(Beginning of DATASET CONTENT)

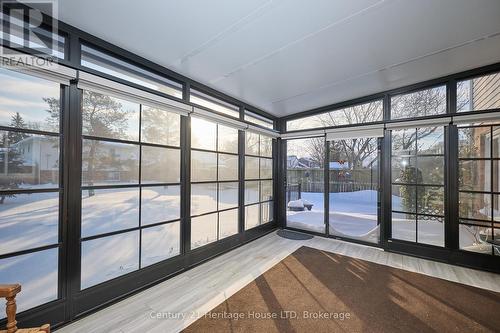 3 season sunroom with electric blinds - 3722 Sussex Lane, Fort Erie (Black Creek), ON - Indoor Photo Showing Other Room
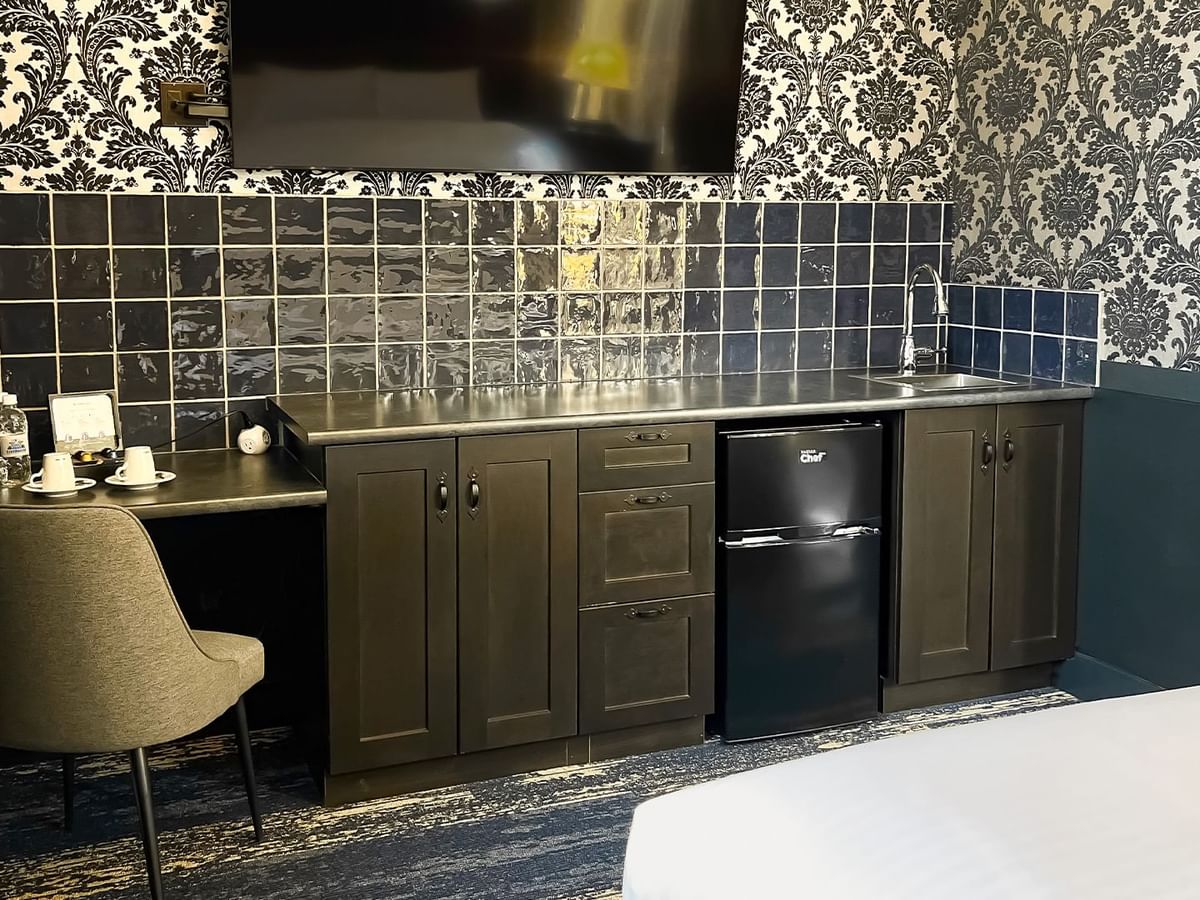 Hotel room with mini fridge, TV, chair, and coffee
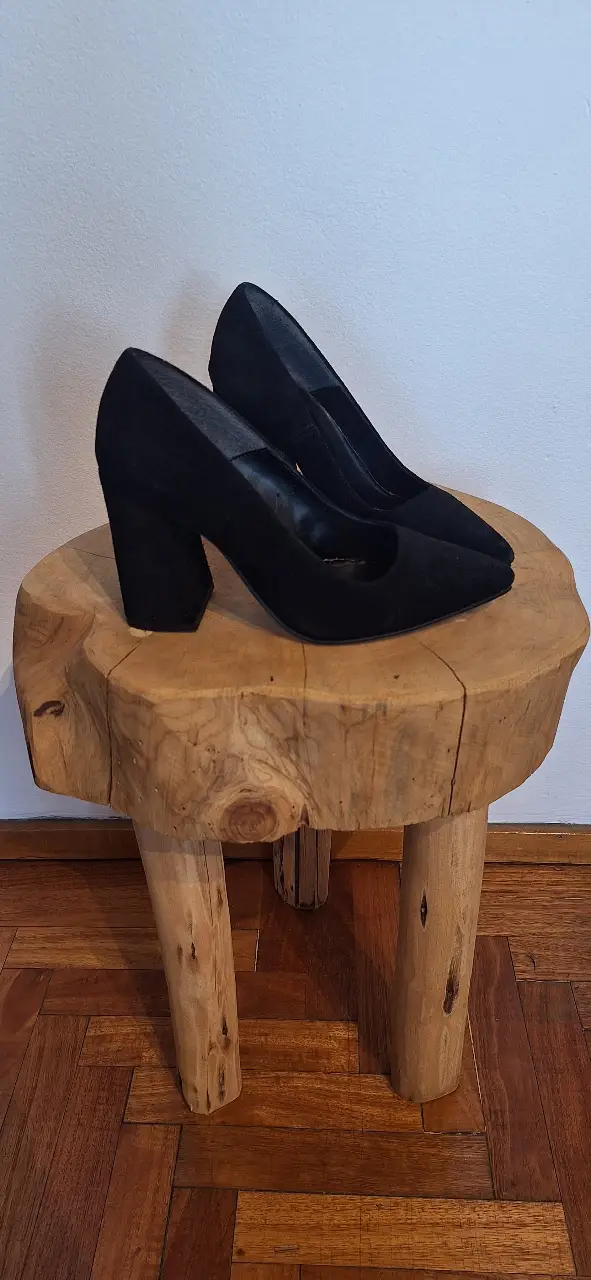 Elegantes tacos negros de cuero gamuzado con taco ancho. Ideales para fiestas y eventos formales.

(End of DATASET CONTENT)

EXERCISE GOAL: The material must be returned exactly, with its pictures omitted.

ANSWER BOX:
 3 season sunroom with electric blinds - 3722 Sussex Lane, Fort Erie (Black Creek), ON - Indoor Photo Showing Other Room
 Hotel room with mini fridge, TV, chair, and coffee
 Elegantes tacos negros de cuero gamuzado con taco ancho. Ideales para fiestas y eventos formales.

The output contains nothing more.